▶ [ABOUT THIS TASK]:
Please copy exactly the part of the records below that opens with the line containing "Dining room featuring" and closes with the line containing "A blue tractor", leaving out any pictures.

(Scraped caption text data)
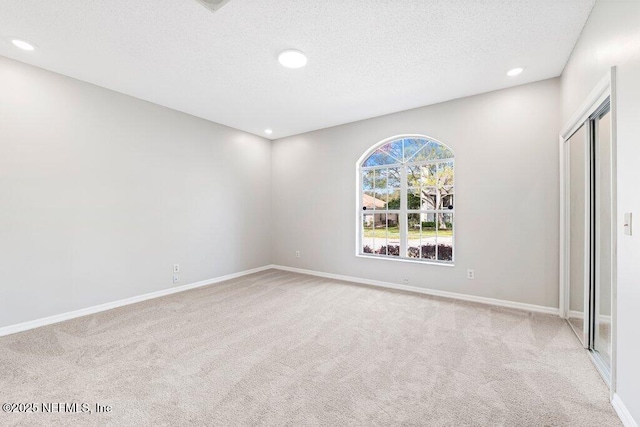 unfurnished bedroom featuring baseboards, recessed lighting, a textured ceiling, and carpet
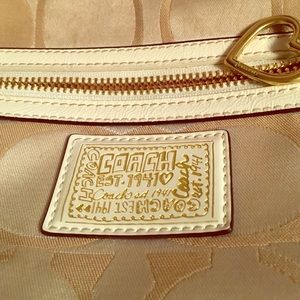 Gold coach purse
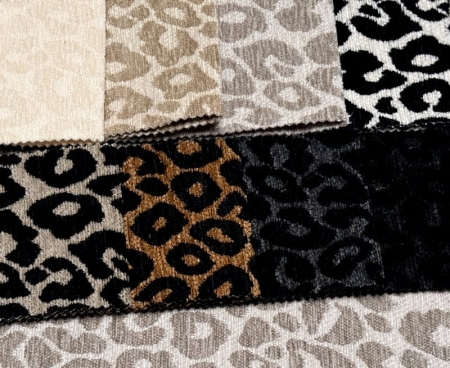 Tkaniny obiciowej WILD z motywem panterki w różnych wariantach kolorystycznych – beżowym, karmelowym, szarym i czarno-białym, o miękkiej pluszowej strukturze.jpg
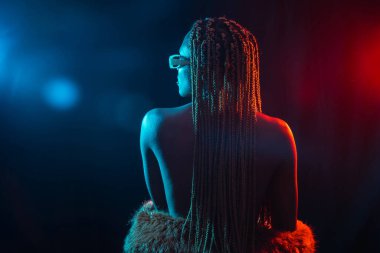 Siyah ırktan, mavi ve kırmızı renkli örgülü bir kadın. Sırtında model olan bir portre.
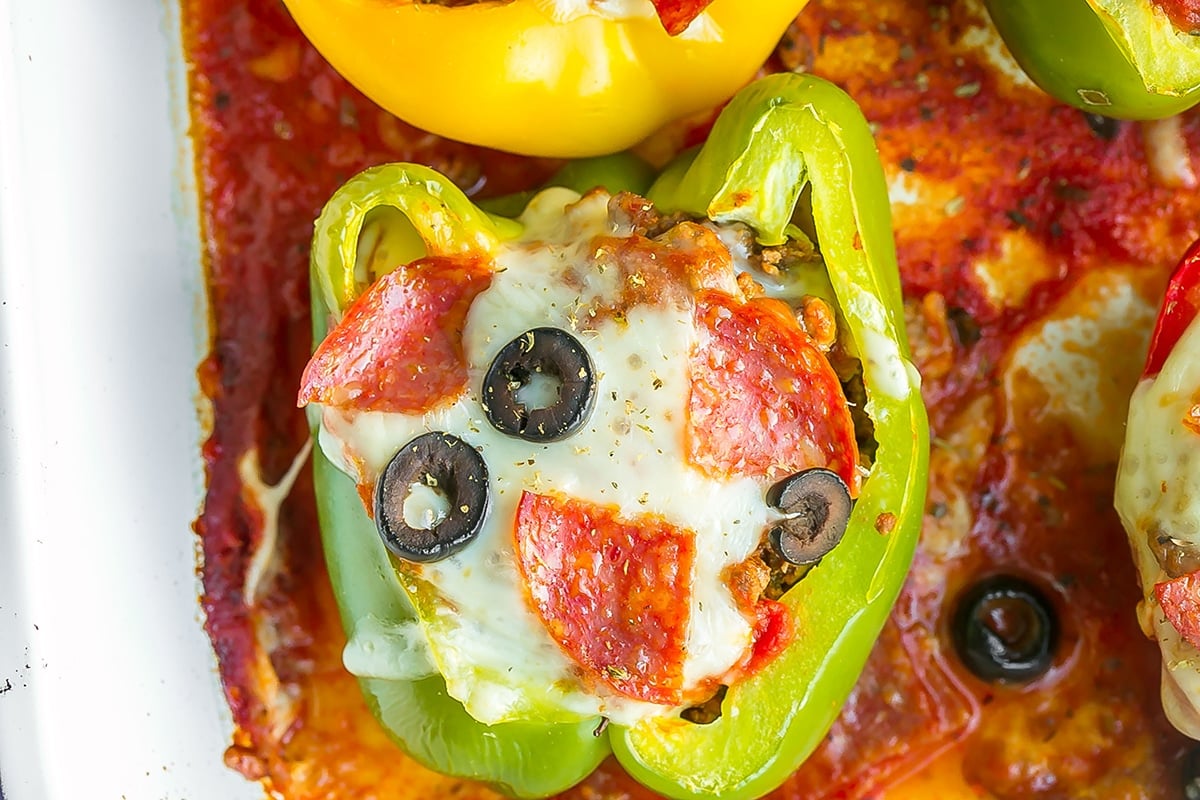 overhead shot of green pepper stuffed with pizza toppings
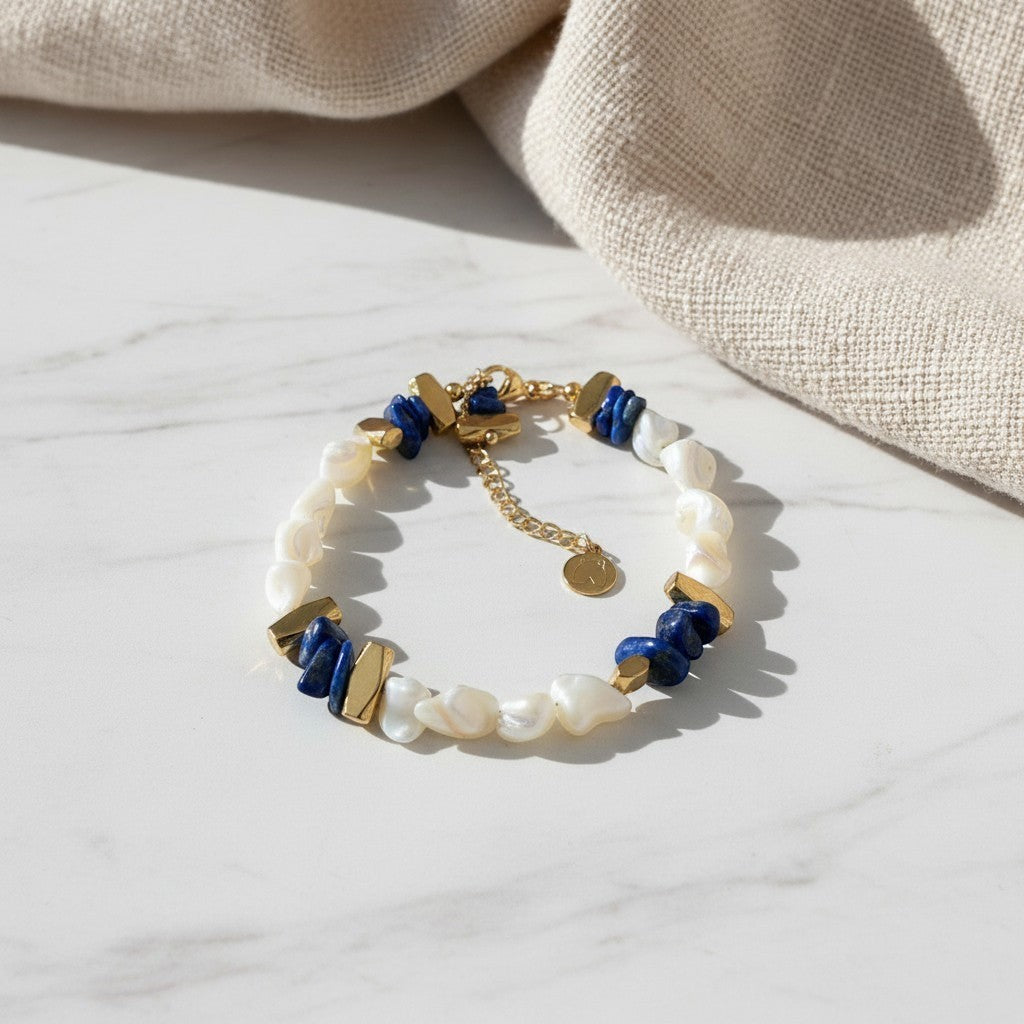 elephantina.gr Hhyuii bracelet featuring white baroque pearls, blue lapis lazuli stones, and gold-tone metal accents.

* * *

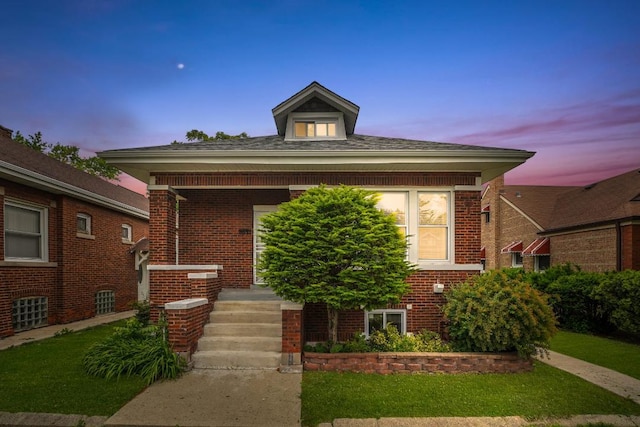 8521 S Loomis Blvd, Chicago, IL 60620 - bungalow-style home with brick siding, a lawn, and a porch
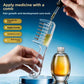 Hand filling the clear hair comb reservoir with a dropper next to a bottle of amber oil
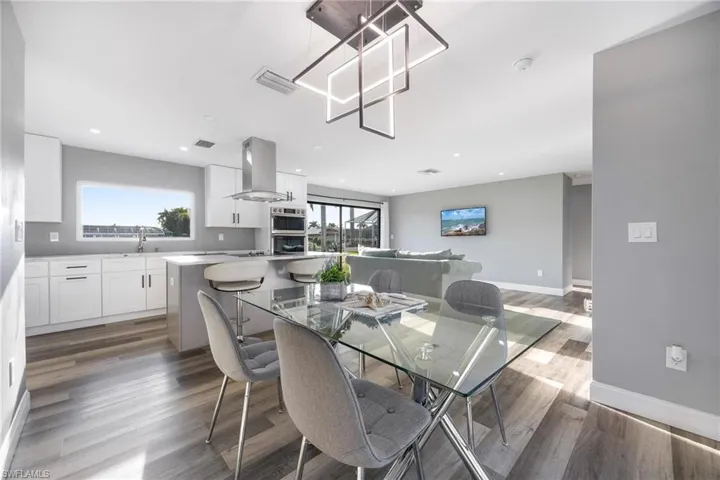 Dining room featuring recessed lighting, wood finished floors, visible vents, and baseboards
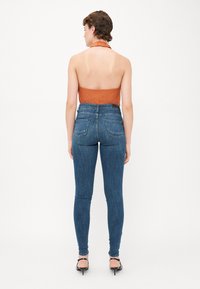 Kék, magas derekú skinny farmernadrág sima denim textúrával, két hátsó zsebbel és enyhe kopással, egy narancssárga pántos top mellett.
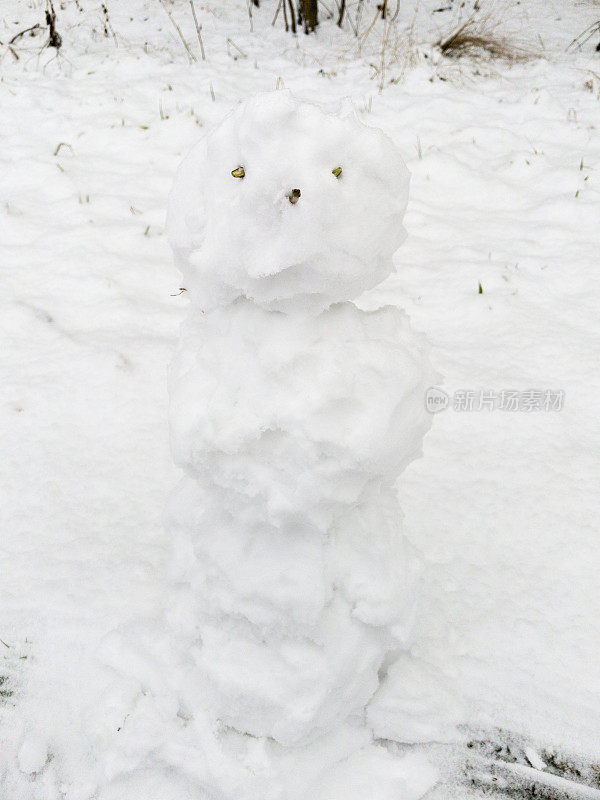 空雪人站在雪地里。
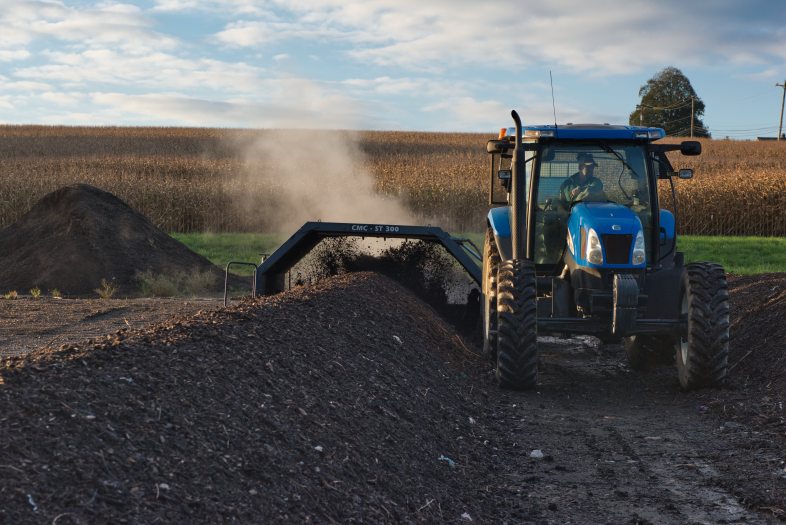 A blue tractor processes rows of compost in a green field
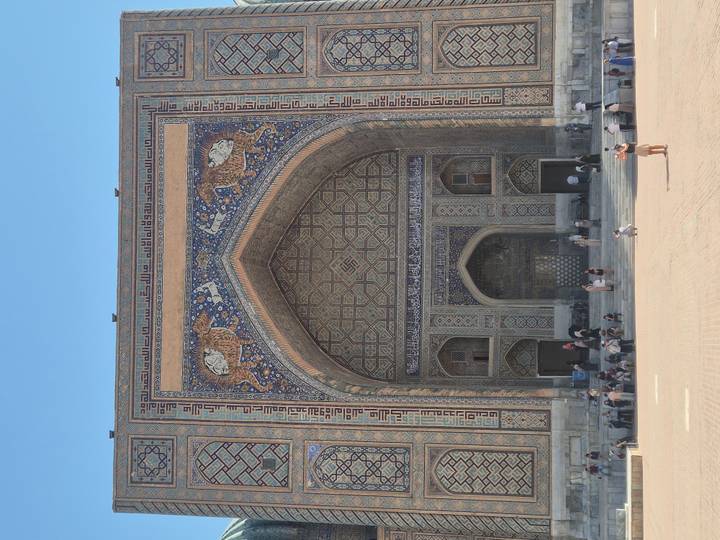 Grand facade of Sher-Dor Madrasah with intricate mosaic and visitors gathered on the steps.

▶ [SOLUTION TO THE PROBLEM]:
 Dining room featuring recessed lighting, wood finished floors, visible vents, and baseboards
 Kék, magas derekú skinny farmernadrág sima denim textúrával, két hátsó zsebbel és enyhe kopással, egy narancssárga pántos top mellett.
 空雪人站在雪地里。
 A blue tractor processes rows of compost in a green field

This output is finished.